Mme Nathalie Goulet attire l'attention de M. le ministre de l'agriculture et de la souveraineté alimentaire sur les conséquences de la révision de la directive européenne sur les émissions industrielles (directive IED) sur les élevages familiaux de volailles et de porcs.
L'accord conclu le 28 novembre 2023 par les institutions européennes concernant la révision de la directive IED sur les émissions industrielles prévoit d'étendre le champ d'application à davantage d'installations en productions avicoles et porcines, impliquant de nombreuses contraintes supplémentaires pour les élevages familiaux.
Ainsi, ces élevages devront notamment passer d'un régime de déclaration à un régime d'autorisation imposant aux éleveurs un échangeur-récupérateur de chaleur, un système anti-gaspillage de l'eau, de la brumisation, des couvertures de fosses, des enfouisseurs directs, de la ventilation dynamique, des dalles de béton pour le compostage... autant de contraintes qui affaibliront considérablement les élevages à capitaux familiaux, structures typiquement françaises.
Pourtant, l'élevage a intégré dans son processus de production la réduction des émissions de substances nuisant à la santé humaine et à l'environnement. Ainsi, ses émissions agricoles d'ammoniac et celles de gaz à effet de serre sont en baisse et conformes aux plafonds définis par la directive NEC de 2016 et à la trajectoire de la stratégie nationale bas-carbone.
Il est à craindre que l'effet d'une telle directive soit contre-productif avec une baisse rapide du nombre d'élevages familiaux français au profit de produits étrangers ne respectant pas nos normes sanitaires et environnementales.
Cet accord n'étant pas encore ratifié par le conseil des ministres et par le Parlement européen, elle lui demande s'il entend défendre ces élevages à capitaux familiaux français.

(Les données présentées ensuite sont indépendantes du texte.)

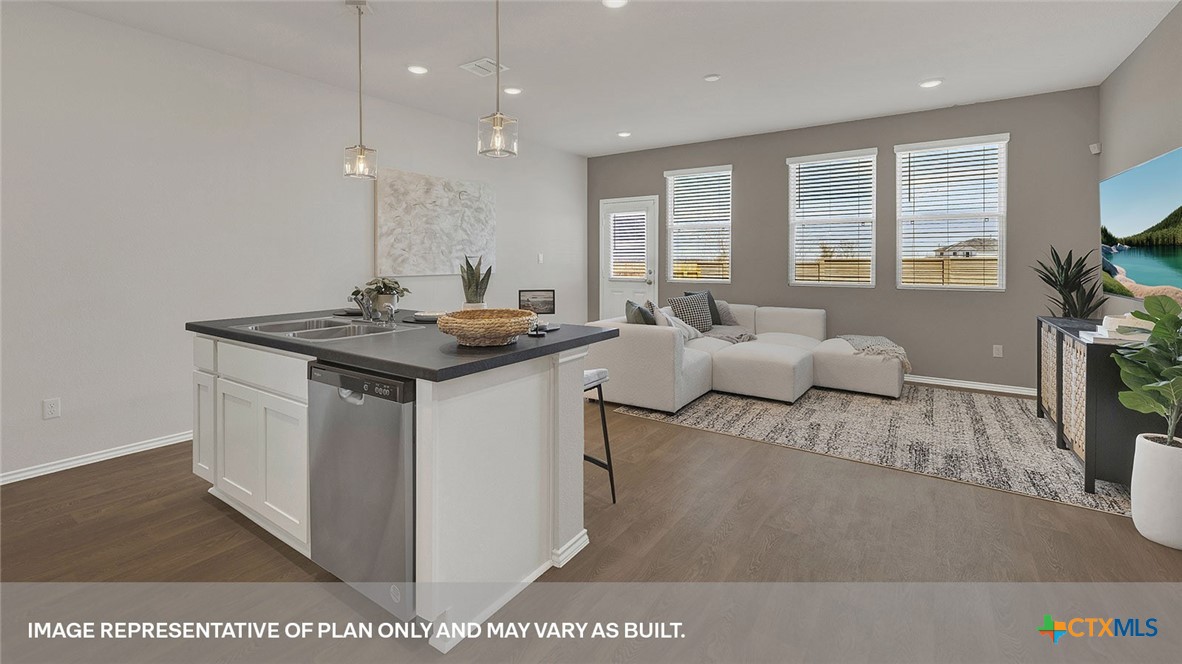 125 Kendall Lane Lockhart, TX 78644 - Photo 9 of 30 a view of living room with furniture and a flat screen tv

Question de M. CHEVROLLIER Guillaume sénateur (Mayenne - Les Républicains) :

M. Guillaume Chevrollier attire l'attention de M. le ministre de l'agriculture et de la souveraineté alimentaire sur les conséquences de la future directive sur les émissions industrielles sur le modèle français de l'élevage familial avicole et porcin.
En effet, le projet de directive, conclu le 28 novembre 2023par les États-membres, abaisse fortement les seuils de classement « IED » (industrial emissions directive) des élevages de volailles et de porcs et ajoute de nombreuses contraintes, ce qui risque de déstabiliser profondément les élevages à capitaux familiaux en France. Or, ces dispositions ne s'avèrent pas nécessaires dans la mesure où les émissions agricoles d'ammoniac diminuent et sont conformes aux plafonds définis par la Directive européenne 2016/2284, dite Directive NEC, et où les émissions de gaz à effet de serre diminuent également, conformément à la stratégie nationale pour la biodiversité et le climat. Par ailleurs, les techniques qui devront être mises en place par les éleveurs pour respecter cette directive ne sont pas encore connues. Officiellement, les exploitations concernées devront passer d'un régime de déclaration à un régime d'autorisation. Ce dernier imposera aux éleveurs un certain nombre d'installations très contraignantes et coûteuses à l'échelle d'un élevage familial.
Concrètement, en France, cette directive met en danger plus de deux milles exploitations porcines spécialisées, mille exploitations de volailles spécialisées et six mille exploitations mixtes. Au moment où nous promouvons le circuit court et la consommation locale, l'application d'une telle directive paraît incohérente et contradictoire. Au contraire, la protection des modèles familiaux d'élevage porcin et avicole est essentielle car il est question de notre souveraineté alimentaire.
Aussi, il souhaite connaître la position du Gouvernement au sujet de ce projet de directive et s'il compte défendre le modèle familial de l'élevage français de porcs et de volailles.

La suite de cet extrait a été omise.